**Items from a dataset**

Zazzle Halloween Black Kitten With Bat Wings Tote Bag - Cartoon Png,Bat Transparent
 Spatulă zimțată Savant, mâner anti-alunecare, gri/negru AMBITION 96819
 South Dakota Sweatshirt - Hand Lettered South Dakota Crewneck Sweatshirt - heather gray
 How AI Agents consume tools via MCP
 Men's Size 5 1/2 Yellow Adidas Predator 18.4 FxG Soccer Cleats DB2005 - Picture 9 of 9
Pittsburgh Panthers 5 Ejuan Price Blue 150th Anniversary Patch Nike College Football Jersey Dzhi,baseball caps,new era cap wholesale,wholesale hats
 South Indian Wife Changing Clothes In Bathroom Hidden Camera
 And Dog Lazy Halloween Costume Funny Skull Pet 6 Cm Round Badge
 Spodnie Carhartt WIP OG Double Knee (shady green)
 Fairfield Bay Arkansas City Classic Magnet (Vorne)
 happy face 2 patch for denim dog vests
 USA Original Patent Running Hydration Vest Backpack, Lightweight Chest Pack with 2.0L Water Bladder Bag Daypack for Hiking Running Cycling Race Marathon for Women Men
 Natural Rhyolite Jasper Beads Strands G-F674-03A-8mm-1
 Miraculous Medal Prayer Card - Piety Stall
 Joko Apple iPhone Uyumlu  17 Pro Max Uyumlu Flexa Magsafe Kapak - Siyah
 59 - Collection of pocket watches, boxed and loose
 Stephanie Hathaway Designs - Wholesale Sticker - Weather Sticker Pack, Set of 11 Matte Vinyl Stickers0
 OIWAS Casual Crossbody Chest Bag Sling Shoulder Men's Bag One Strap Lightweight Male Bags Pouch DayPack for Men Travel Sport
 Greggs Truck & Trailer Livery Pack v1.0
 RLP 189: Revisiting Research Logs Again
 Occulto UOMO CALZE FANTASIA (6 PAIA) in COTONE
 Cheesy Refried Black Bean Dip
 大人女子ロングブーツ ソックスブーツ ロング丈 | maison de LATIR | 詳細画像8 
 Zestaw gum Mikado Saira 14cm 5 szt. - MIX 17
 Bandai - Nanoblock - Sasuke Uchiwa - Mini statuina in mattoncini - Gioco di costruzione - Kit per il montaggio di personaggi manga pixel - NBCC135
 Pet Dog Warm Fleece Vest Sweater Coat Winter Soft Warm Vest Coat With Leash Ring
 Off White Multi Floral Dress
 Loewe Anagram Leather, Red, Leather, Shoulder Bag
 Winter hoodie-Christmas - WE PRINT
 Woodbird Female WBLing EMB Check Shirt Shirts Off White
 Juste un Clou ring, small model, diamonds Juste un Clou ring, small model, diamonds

**Your objective**
Extract the lines above, from the first one through the one containing "How AI Agents consume tools via MCP", and return only those, unchanged.

**Finished task**
Zazzle Halloween Black Kitten With Bat Wings Tote Bag - Cartoon Png,Bat Transparent
 Spatulă zimțată Savant, mâner anti-alunecare, gri/negru AMBITION 96819
 South Dakota Sweatshirt - Hand Lettered South Dakota Crewneck Sweatshirt - heather gray
 How AI Agents consume tools via MCP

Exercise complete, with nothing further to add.